The laws of the Province of Québec and Canadian Federal laws will govern the interpretation, construction, performance and enforcement of the Terms and Conditions and Buyer’s Order. Each of the parties hereto hereby irrevocably and unconditionally submits to this exclusive jurisdiction
In the event that one or more provisions of this Agreement is held to be unenforceable, the remaining provisions apply in full and the invalid or unenforceable provision will be replaced by a provision that lawfully enforces the Parties’ intention underlying the invalid or unenforceable provision.
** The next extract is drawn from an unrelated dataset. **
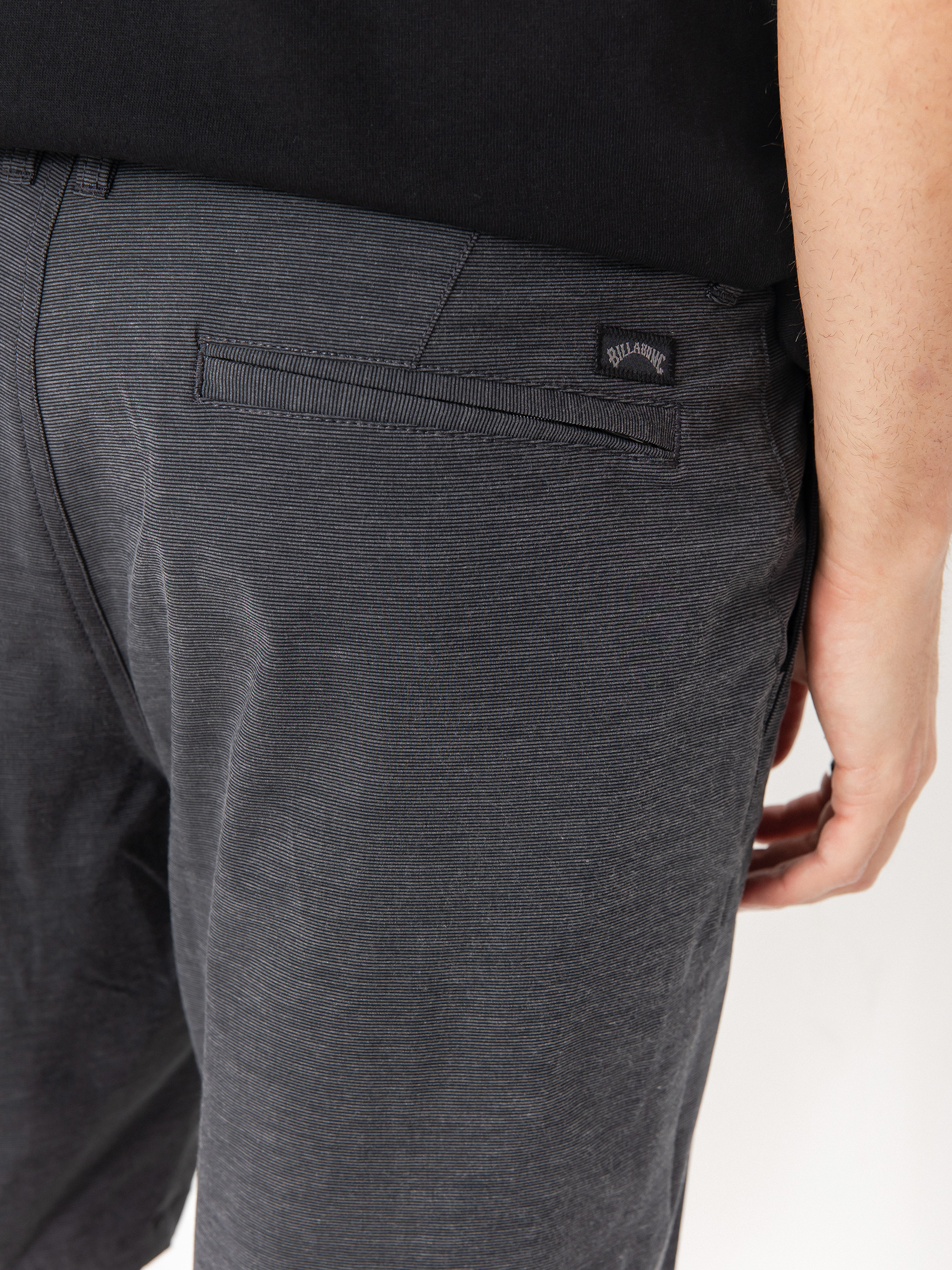 Kraťasy Billabong Crossfire (black)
This Agreement may be amended or modified only by written agreement of duly authorized representatives of both Parties. Regarding any provisions of an Order which conflict with, are inconsistent with or are in addition to the provisions of the Terms and Conditions, such provisions of the Order shall control, so long as it is expressly intended to supersede the Terms and Conditions.
Notwithstanding any other provisions of this agreement, under no circumstances is seller liable to buyer or any third party for any consequential, special, incidental, indirect, exemplary or punitive damages, or any damage of an indirect or consequential nature arising out of or related to its performance under this agreement (including, but not limited to, any damages for business interruption, loss of use, loss of revenue or profits, or resulting from any loss of data or damage to buyer’s computer or equipment), whether based upon breach of this agreement, warranty, patent infringement, or negligence and whether grounded in tort, contract, civil law, or other theories of liability, including strict liability, even if advised in advance of the possibility of such damages. In no event shall seller’s total liability arising out of or related to this agreement, including, but not limited to, liability for indemnity, defense, and hold harmless obligations exceed the amount paid to seller under buyer’s order and buyer agrees to indemnify seller for any excess amounts. The foregoing limitations shall apply even if the buyer’s remedies under this agreement fail of their essential purpose. To the extent that this limitation of liability conflicts with any other provision(s) of this agreement, such provision(s) will be regarded as amended to whatever extent required to make such provision(s) consistent with this provision. Some jurisdictions do not allow a limitation on liability for negligence that causes death or personal injury and, in such jurisdictions, seller’s liability shall be limited to the greatest extent permitted by law.